Colorado State Treasurer Mike Coffman cited the
risk to the Public Employee Retirement Association (PERA)
of putting money into those companies that could face
substantial harm in the wake of international sanctions or
even military strikes. That harm could severely impact the
value of stocks and bonds in the pension fund’s portfolio,
“Pension funds across America should be looking at this issue because whether investing in stocks, bonds or venture capital, we must deal with this new type of investment risk,” Coffman told Washington-based publisher BNA.
Coffman said companies with business ventures in countries such as Iran, Iraq, and North Korea that are alleged to support terrorist activities could also face significant losses due to negative publicity or divestment campaigns.
In a recent letter to the PERA board, Coffman recommended that the organization hire a private company to figure out which of PERA’s holdings face terrorism-related risks that could be hurt by an anti-terrorism backlash.

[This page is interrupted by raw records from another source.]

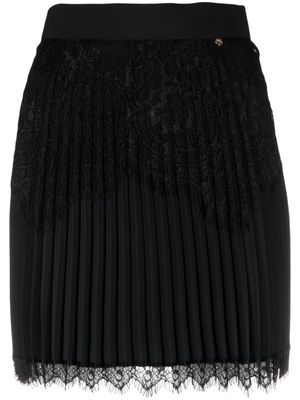 NISSA lace-trimmed pleated mini skirt - Black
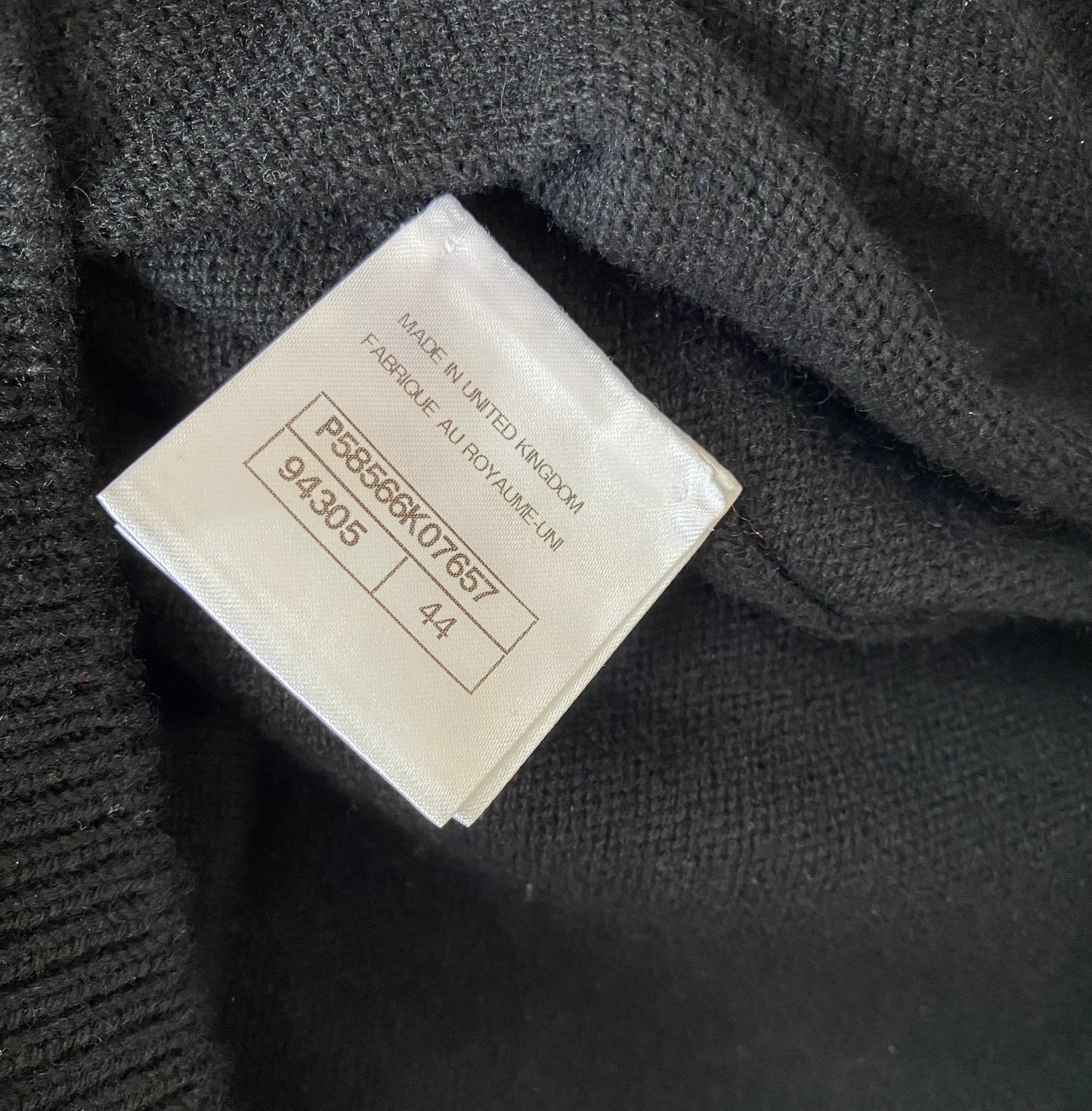 Chanel Cashmere Black Classic Cardigan FR 44
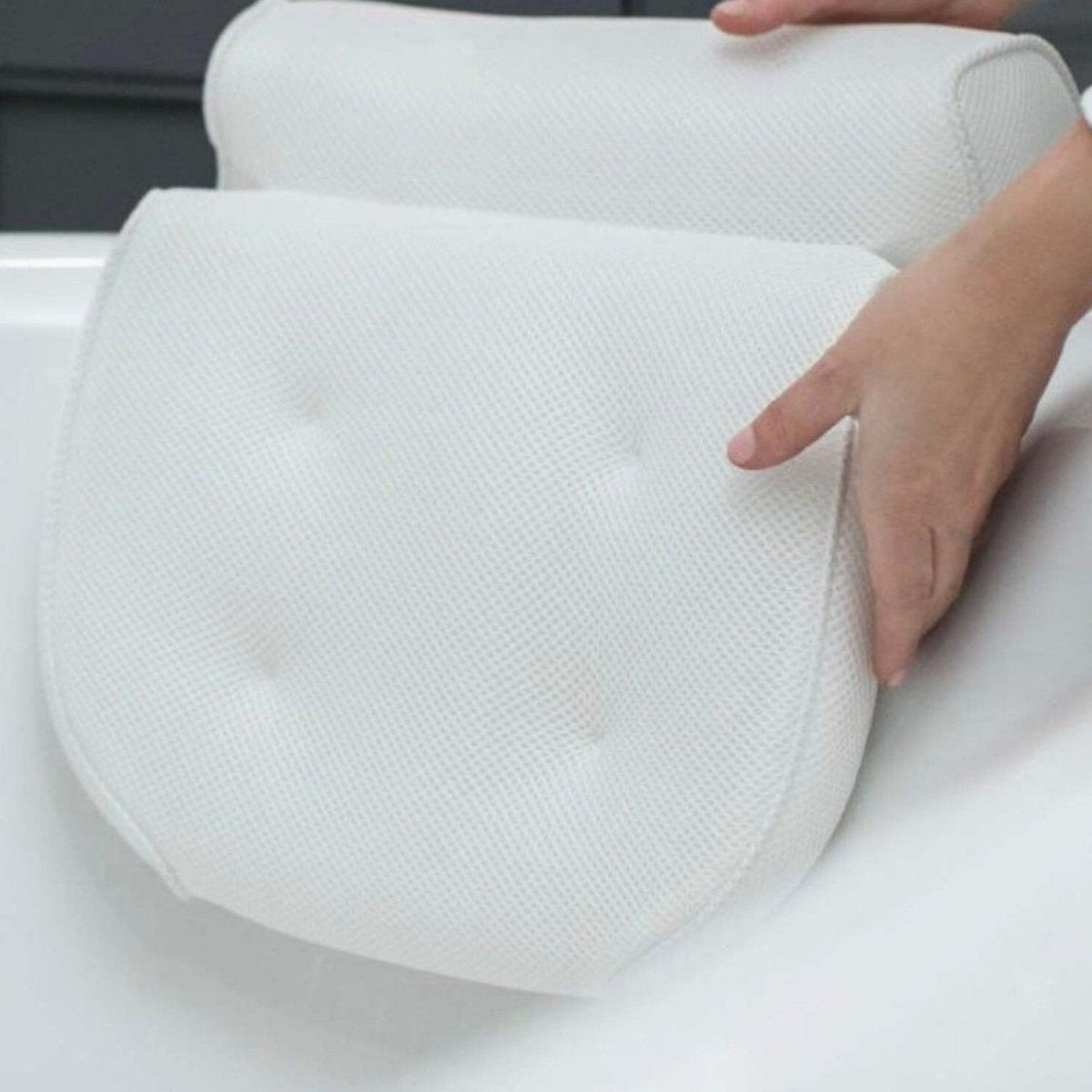 Ergonomic 4D Air Mesh Bath Pillow for Neck and Shoulder Support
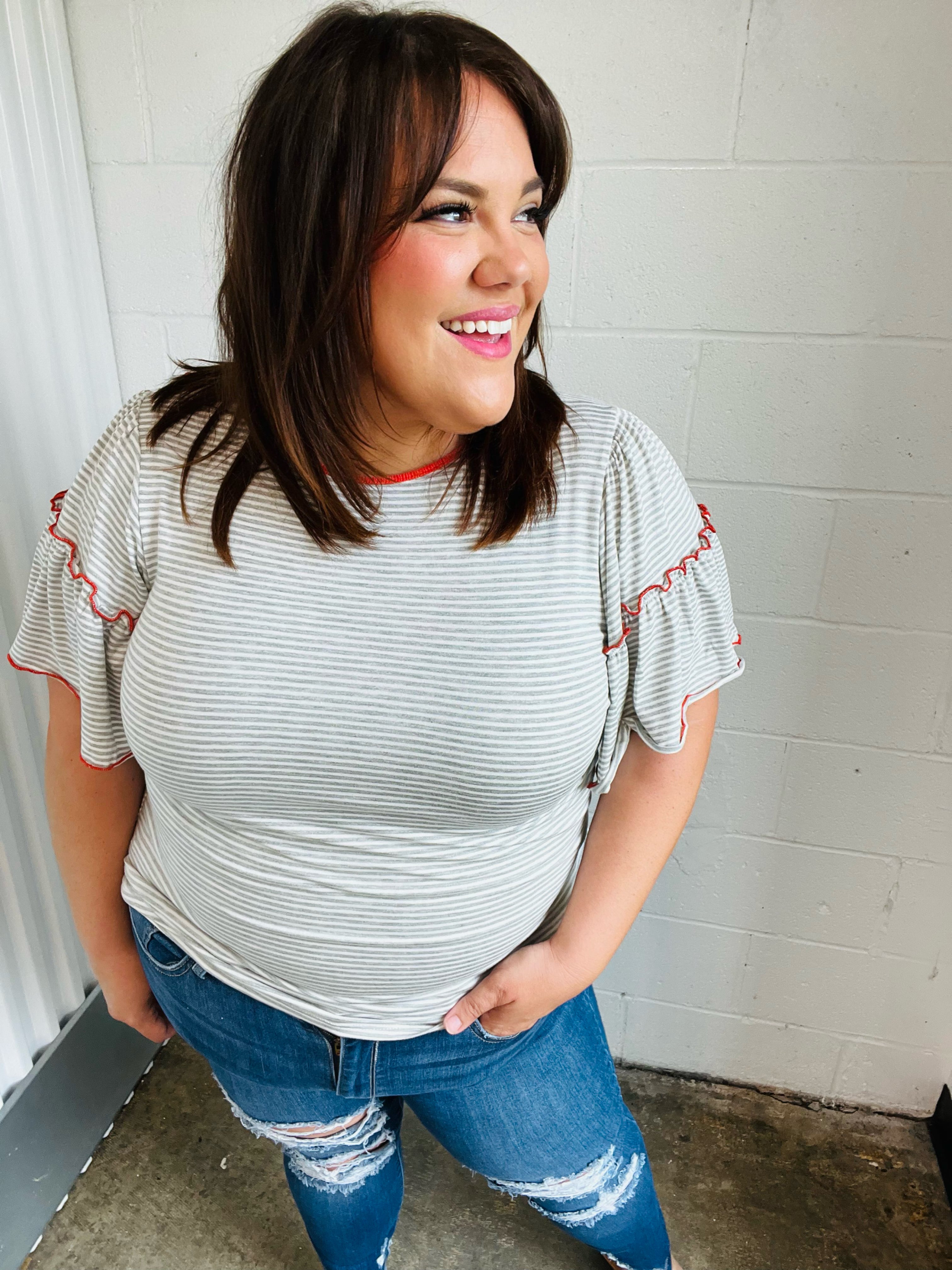 Schools Out Striped Flutter Sleeve Top - Atomic Wildflower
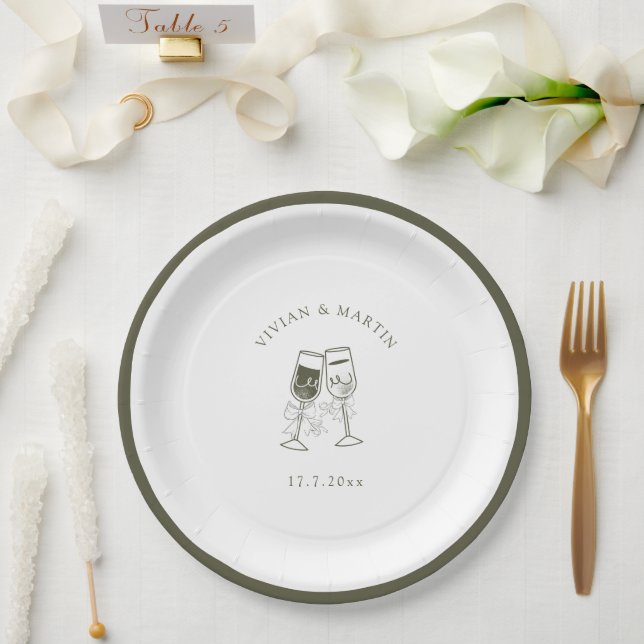 Elegant Olive wood Green Wedding Paper Plate (Wedding)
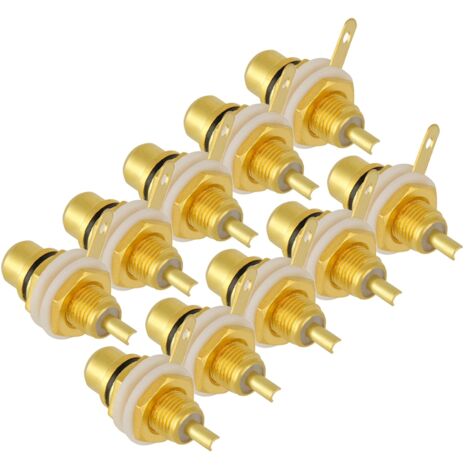 Confezione da 10 connettori audio HIFI RCA femmina placcati in oro (neri)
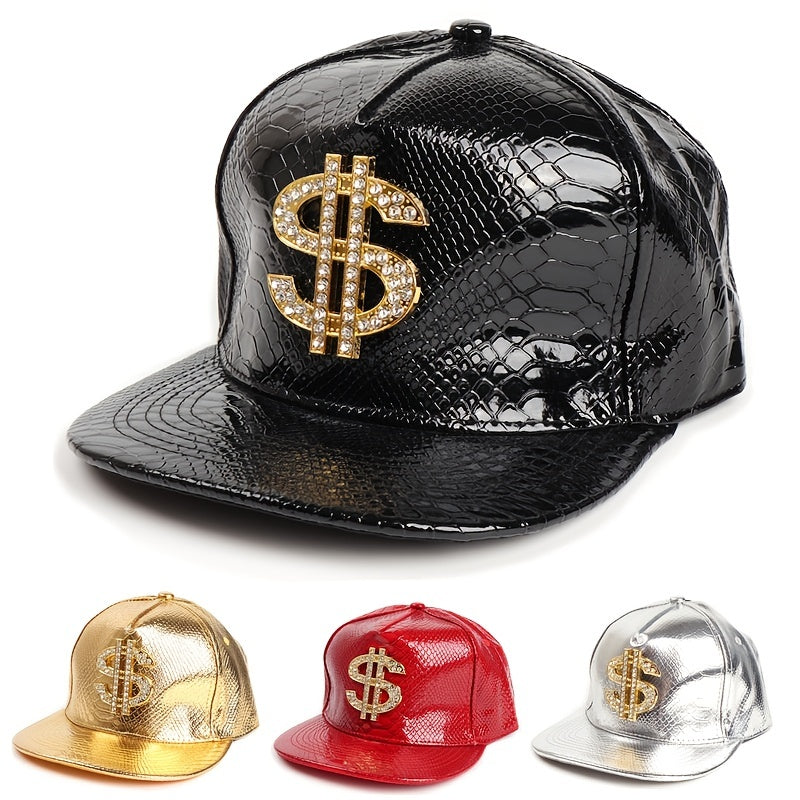 Crocodile Pattern Hat Gold Dollar Sign Hip hop Cap
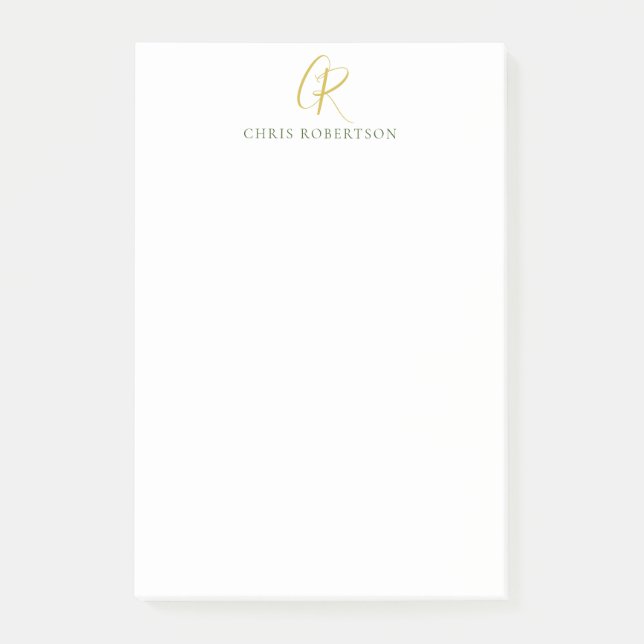 Post-it® Nom monogramme de calligraphie couleur or noir bla (Devant)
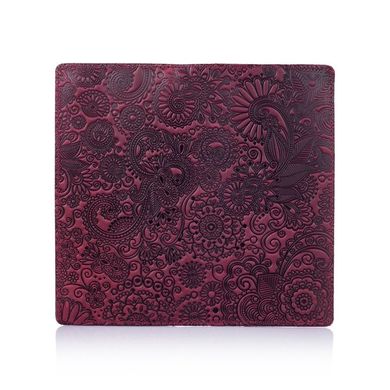Гарний фіолетовий гаманець з натуральної шкіри з авторським художнім тисненням "Mehendi Art"
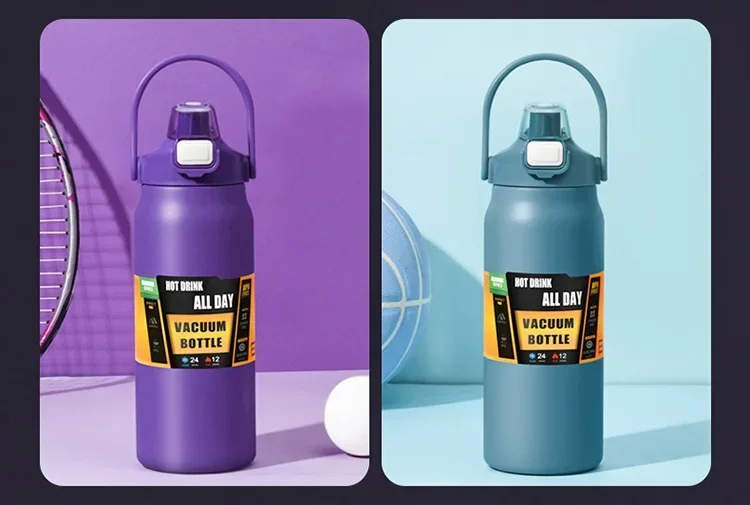 Outdoor Thermos Portable 304 Stainless Steel Thermal Mug, Vacuum Flask Cold & Hot Sports Water Bottle with Straw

A Coffman spokesman said such a consultant would cost $10,000 to $15,000.
“I believe PERA must identify ways to conduct the due
diligence needed to take these risks into consideration
when it is making investment decisions,” Coffman said. “We
cannot afford to take a wait-and-see approach.”
Katie Kaufmanis, spokeswoman for PERA, told BNA that nearly 14% of the association’s $25 billion stock portfolio is in foreign investments. She said she did not know what percentage of the portfolio is invested in companies that could have exposure to terrorist-related activities.